== AIM OF THE TASK ==
Your answer should be the line containing "Parduodu pušų/ Ąžuolų/" and every line after it to the end of the records below, word for word.

== THE INPUT ==

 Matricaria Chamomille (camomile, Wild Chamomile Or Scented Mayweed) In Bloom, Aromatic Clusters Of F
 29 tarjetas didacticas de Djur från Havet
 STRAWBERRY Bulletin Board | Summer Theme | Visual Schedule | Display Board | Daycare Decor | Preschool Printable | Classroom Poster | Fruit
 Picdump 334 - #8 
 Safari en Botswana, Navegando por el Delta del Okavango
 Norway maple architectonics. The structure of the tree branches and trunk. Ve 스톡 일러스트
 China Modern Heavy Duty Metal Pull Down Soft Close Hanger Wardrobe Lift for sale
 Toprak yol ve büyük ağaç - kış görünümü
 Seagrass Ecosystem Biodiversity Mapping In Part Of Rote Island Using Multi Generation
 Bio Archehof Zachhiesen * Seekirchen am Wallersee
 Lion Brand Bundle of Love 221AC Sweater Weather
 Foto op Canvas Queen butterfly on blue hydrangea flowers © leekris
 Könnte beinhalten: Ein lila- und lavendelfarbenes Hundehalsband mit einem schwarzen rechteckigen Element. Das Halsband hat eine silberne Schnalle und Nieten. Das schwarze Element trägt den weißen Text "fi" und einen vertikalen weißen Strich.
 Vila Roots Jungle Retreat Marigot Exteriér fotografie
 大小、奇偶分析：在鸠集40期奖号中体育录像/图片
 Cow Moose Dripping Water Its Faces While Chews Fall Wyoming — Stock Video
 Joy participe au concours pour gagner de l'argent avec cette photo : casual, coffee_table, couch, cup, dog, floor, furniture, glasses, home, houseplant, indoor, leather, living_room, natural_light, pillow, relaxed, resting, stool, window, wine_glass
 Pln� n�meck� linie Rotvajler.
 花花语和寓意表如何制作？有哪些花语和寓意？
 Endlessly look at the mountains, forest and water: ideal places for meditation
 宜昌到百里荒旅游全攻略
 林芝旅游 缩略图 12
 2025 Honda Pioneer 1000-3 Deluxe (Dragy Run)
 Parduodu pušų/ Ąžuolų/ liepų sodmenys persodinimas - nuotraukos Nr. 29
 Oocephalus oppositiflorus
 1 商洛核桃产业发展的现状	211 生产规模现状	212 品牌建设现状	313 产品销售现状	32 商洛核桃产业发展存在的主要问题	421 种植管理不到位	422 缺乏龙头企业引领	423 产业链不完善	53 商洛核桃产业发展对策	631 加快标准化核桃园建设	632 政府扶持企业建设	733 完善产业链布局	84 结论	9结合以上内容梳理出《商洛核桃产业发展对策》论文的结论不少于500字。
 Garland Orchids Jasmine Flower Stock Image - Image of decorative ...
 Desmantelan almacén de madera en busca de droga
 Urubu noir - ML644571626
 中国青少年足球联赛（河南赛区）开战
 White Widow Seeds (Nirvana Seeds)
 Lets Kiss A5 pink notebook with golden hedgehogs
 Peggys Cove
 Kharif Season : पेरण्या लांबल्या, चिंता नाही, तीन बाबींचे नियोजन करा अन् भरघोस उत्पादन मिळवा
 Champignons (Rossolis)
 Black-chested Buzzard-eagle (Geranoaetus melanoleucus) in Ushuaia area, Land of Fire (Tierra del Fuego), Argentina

== ANSWER AREA ==
 Parduodu pušų/ Ąžuolų/ liepų sodmenys persodinimas - nuotraukos Nr. 29
 Oocephalus oppositiflorus
 1 商洛核桃产业发展的现状	211 生产规模现状	212 品牌建设现状	313 产品销售现状	32 商洛核桃产业发展存在的主要问题	421 种植管理不到位	422 缺乏龙头企业引领	423 产业链不完善	53 商洛核桃产业发展对策	631 加快标准化核桃园建设	632 政府扶持企业建设	733 完善产业链布局	84 结论	9结合以上内容梳理出《商洛核桃产业发展对策》论文的结论不少于500字。
 Garland Orchids Jasmine Flower Stock Image - Image of decorative ...
 Desmantelan almacén de madera en busca de droga
 Urubu noir - ML644571626
 中国青少年足球联赛（河南赛区）开战
 White Widow Seeds (Nirvana Seeds)
 Lets Kiss A5 pink notebook with golden hedgehogs
 Peggys Cove
 Kharif Season : पेरण्या लांबल्या, चिंता नाही, तीन बाबींचे नियोजन करा अन् भरघोस उत्पादन मिळवा
 Champignons (Rossolis)
 Black-chested Buzzard-eagle (Geranoaetus melanoleucus) in Ushuaia area, Land of Fire (Tierra del Fuego), Argentina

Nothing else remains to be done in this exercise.